Taichung City begun the swap in 2004, years after Taipei had already replaced 'SinYi' with 'Xinyi.'
As far back as 1605 there were those who saw the need to repurpose a letter or two of the Latin alphabet for a workable Chinese romanization system. That year a Jesuit missionary in China published The Miracle of Western Letters [西字奇蹟], rendered by the priest as 'Xizi Qiji." A few decades later, another Jesuit wrote [西儒耳目資], which he romanized as 'Xi Ru Ermu Zi'. But the trend didn't catch on until centuries later - probably due to people like my stupid teenage self.
Taiwan was a late adopter to be sure, but much or even most of the island has moved or is moving to total standardization under the Hanyu Pinyin system — except for Kaohsiung City and a few other holdouts.
So while the entire planet has decided, "Yeah, this works. We'll use this," a few dots on a map have decided, "Nah, we'll use something else. And just for fun, we won't even standardize it!"
Wade-Giles, developed during the mid-19th century, might be loved by some, but I doubt they'd fill a large KTV room. Taiwan used Wade-Giles, as did the rest of the world, for around a century, giving us spellings such as Taipei, Kaohsiung, and the unsightly Hsinchu.
The capital will not see its name re-christened "Taibei" anytime soon and that's fine, but why does Kaohsiung City insist on making visitors guess what 'Shihcyuan' is supposed to represent? Especially when a few blocks away, the same road has somehow morphed into 'Shiquan' (十全路) Road?
Move away from Kaohsiung's city center and streets, neighborhoods or townships can have several romanized names ... sometimes on the same signage.
This evidence for using a standard Pinyin in Taiwan seems self-evident: Pinyin in Taiwan is mostly for people who cannot read Chinese characters. If that is the case, shouldn't the Pinyin be as simple and universal as possible to make navigating Taiwan as easy as possible?
Not adopting Hanyu Pinyin was and is a political decision – a choice that was immature and harmful. Shooting oneself in one's foot is never advisable.
Kaohsiung says it invites the world to visit and is now gloating after taking the fifth spot on Lonely Planet's "Top 10 Cities to Visit in 2018" list. This port city is doing a lot right. Its MRT has announcements in Japanese. It was also the first city in Taiwan to simplify station names using letters and numbers, a move since copied by Taipei. English hotlines in the city offer tourist support – but when it comes to general romanization, it appears southern Taiwan is bending over backwards to torture non-Chinese readers.
Why are we confusing students, tourists and others who want to visit and live here? Those who argue this is an academic debate are being disingenuous.

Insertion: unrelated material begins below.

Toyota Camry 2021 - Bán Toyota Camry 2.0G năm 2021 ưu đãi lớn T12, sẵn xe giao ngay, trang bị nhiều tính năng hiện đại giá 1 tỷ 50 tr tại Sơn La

The refusal to adopt Hanyu in Kaohsiung seems based on nothing more than groundless fear of loss of identity or diminished regional autonomy.
Listen, Kaohsiung: we won't lose our identity or our freedom by changing the romanized spelling of Singjhong Road (興中)to Xingzhong.
It's time to jump on the Hanyu bandwagon. It's not a sign of surrender, it's a sign that non-Chinese speakers will be able to read.
Local scholars have every right, and indeed some might say the duty, to develop or perfect Pinyin systems for Taiwanese, both local versions of the Hakka dialect or any of the numerous languages spoken by Taiwan's indigenous peoples. But as far as Mandarin Chinese goes, Hanyu won.
In short: Having an "original spelling" for Kaohsiung’s roads isn't making Beijing quiver; it's just confusing my postal carrier and my U.S. relatives and the business person from Europe trying to get a meeting on "Tzliheng Rd."
If Kaohsiung wants to be an international player, let's start by playing according to international standards whenever possible.